(Provided data Opens)

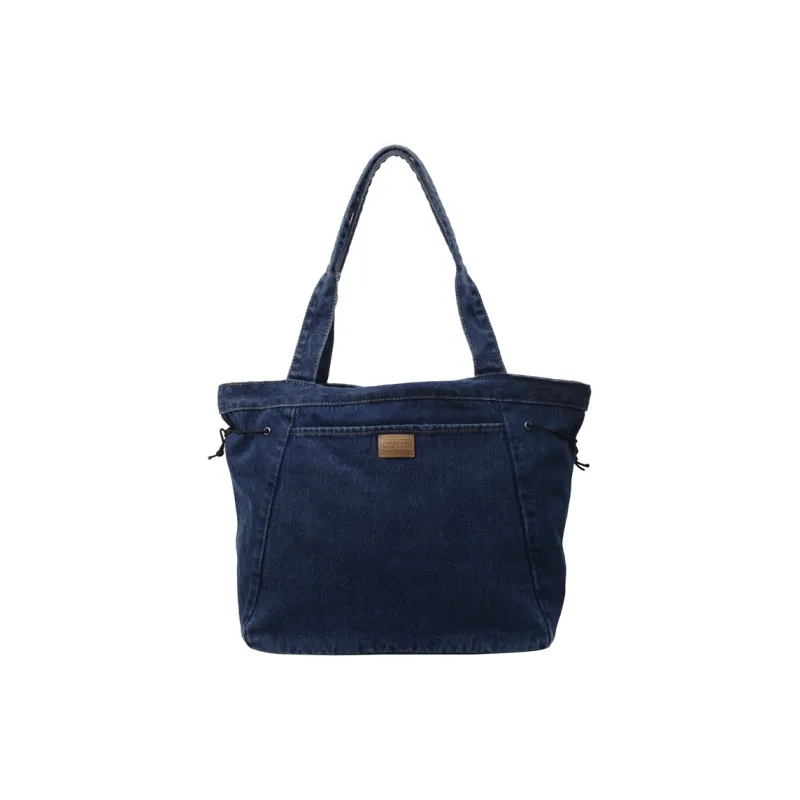 Alcohol dragon Shoulder Bags-0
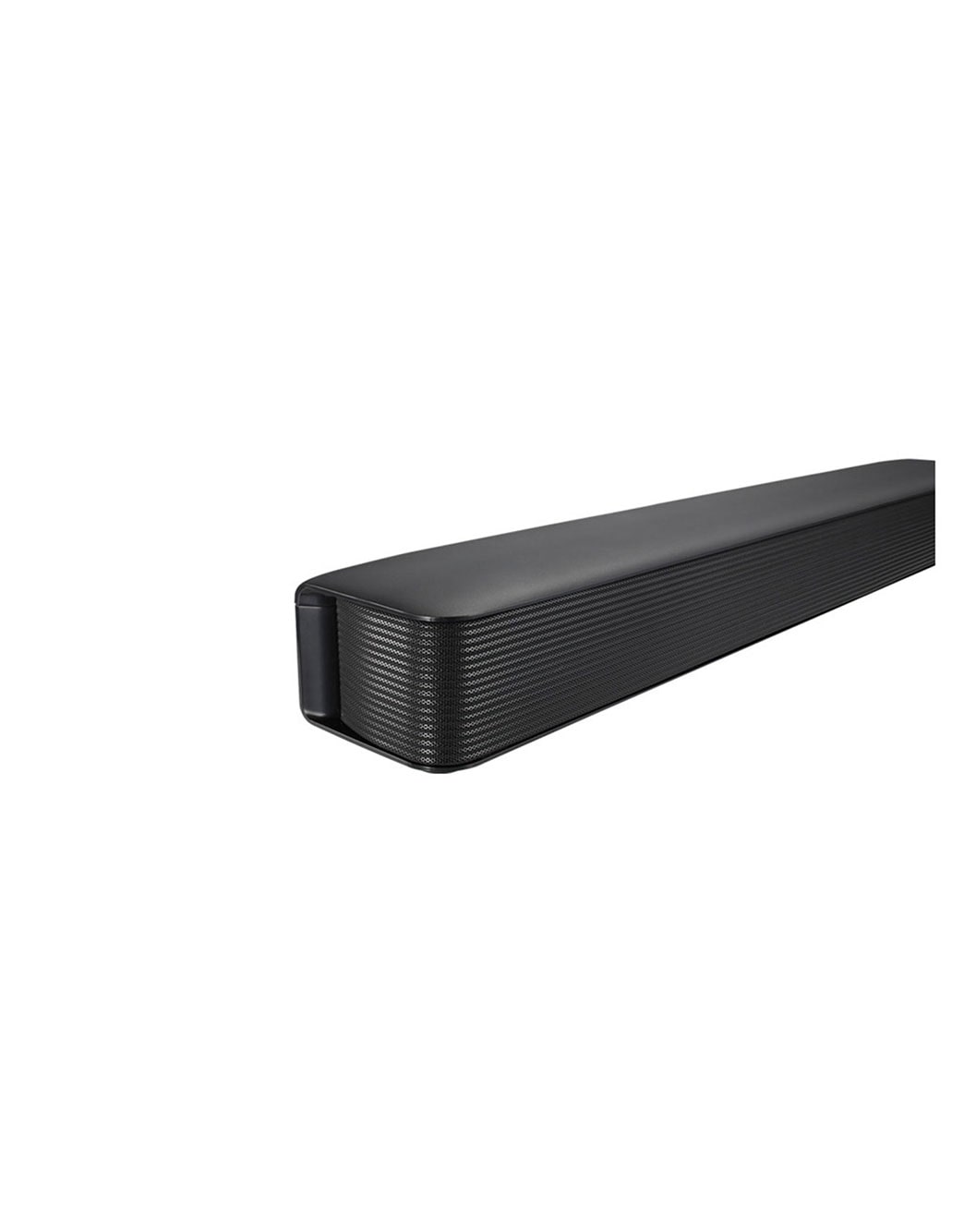 LG Soundbar SK1 LG Centroamerica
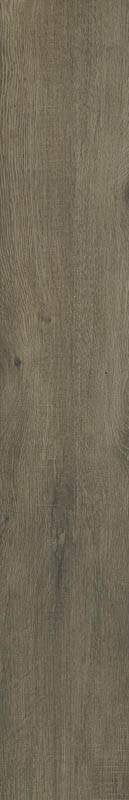 Плитка керамогранит Paradyz Tammi Brown Gres Szkl. Rekt. Mat. 19,8х119,8 см R-R-0,2X1,2-1-TAMM.BR---2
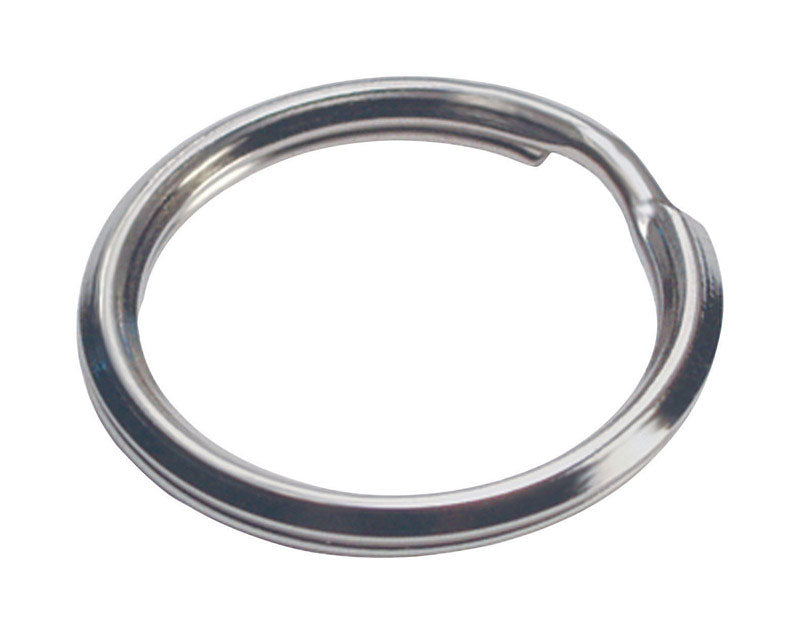 SPLIT RING 1-1/8IN.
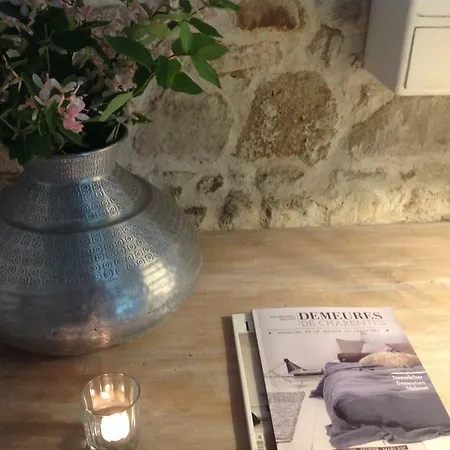 Domaine Charente: Family Glamping With Garden Views * Mazieres (Charente)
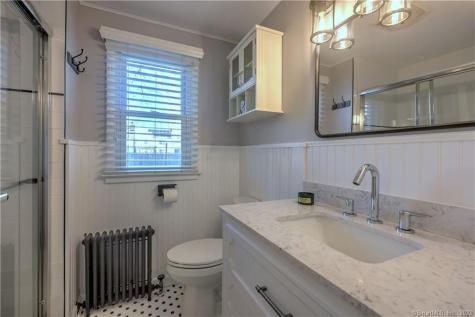 22 Usher Street Milford CT 06460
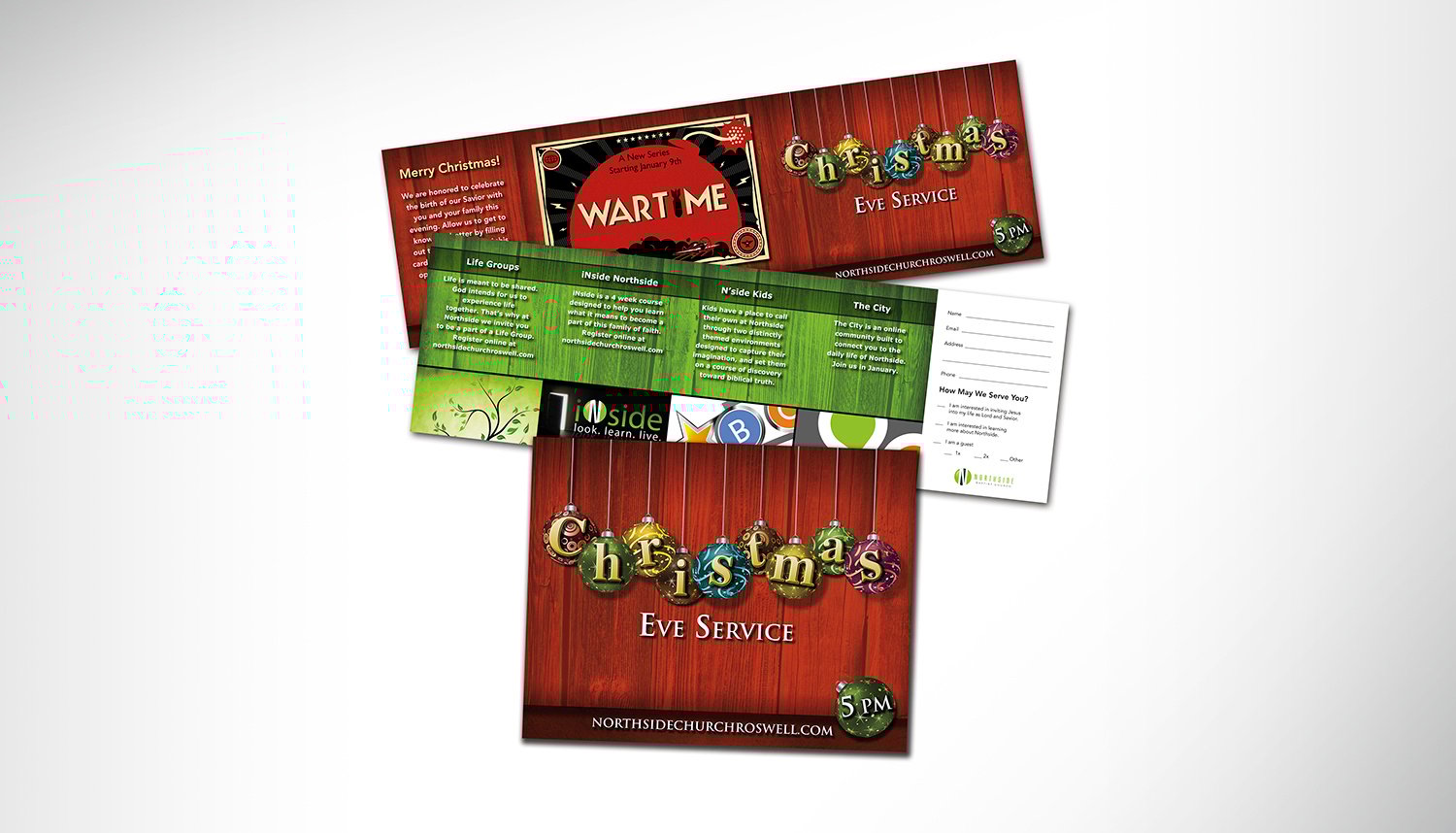Christmas Eve bro2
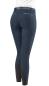 Preview: Equiline women`s breeches " E_ELODIE ", Ecoleather Full Seat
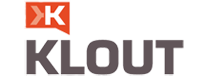 klout_logo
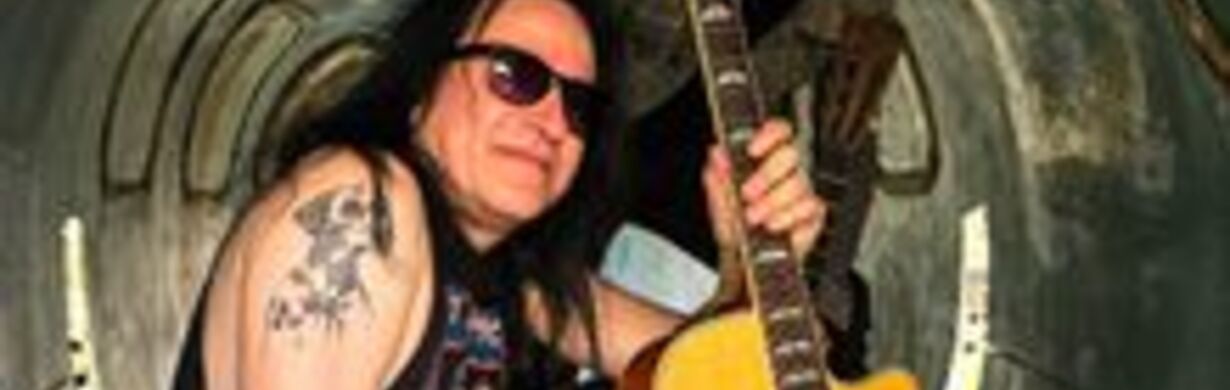 The Ragans The Ragans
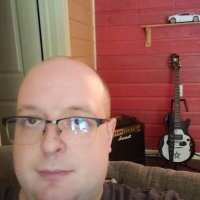 Charlie_boy69 avatar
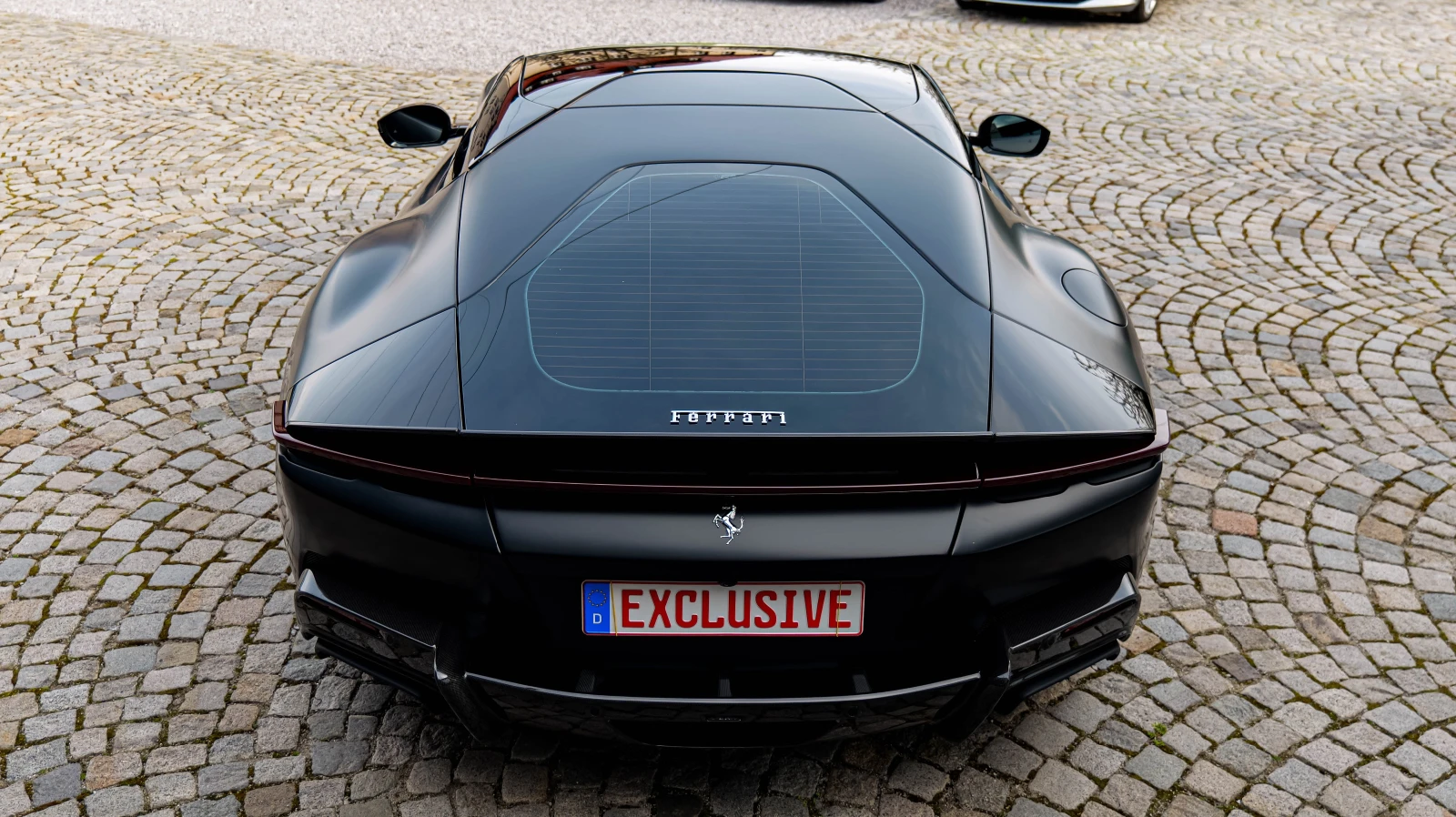 Ferrari 12 Cilindri | Mobile.bg � ����������� 4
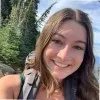Kailey Beckie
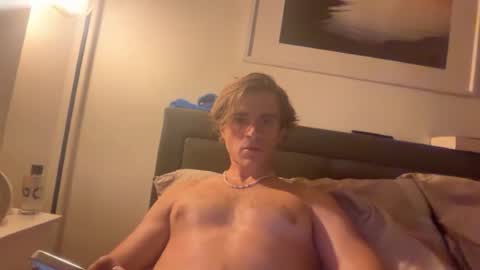 cramdin99999554725 online show from November 20, 5:24 am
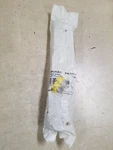Steelman 140 Ft-lb. 1/2 In. Drive X Torque Stick, Tan 50071. Fixed Price $20.00.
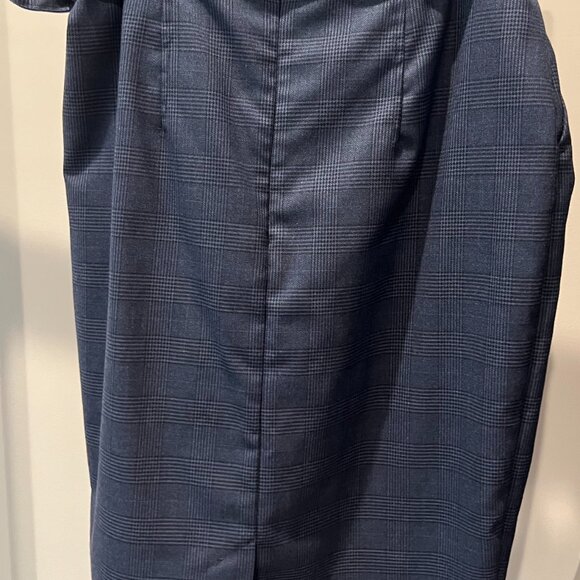 Banana Republic suit set - Picture 3 of 9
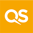 QS_LOGO_100X100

(Provided data Closes)

## Problem details
The copy starts at the line holding "Ferrari 12 Cilindri" and ends at the last line of the records above. Transcribe those lines exactly, pictures excluded.

## Result of this exercise
 Ferrari 12 Cilindri | Mobile.bg � ����������� 4
Kailey Beckie
 cramdin99999554725 online show from November 20, 5:24 am
Steelman 140 Ft-lb. 1/2 In. Drive X Torque Stick, Tan 50071. Fixed Price $20.00.
 Banana Republic suit set - Picture 3 of 9
 QS_LOGO_100X100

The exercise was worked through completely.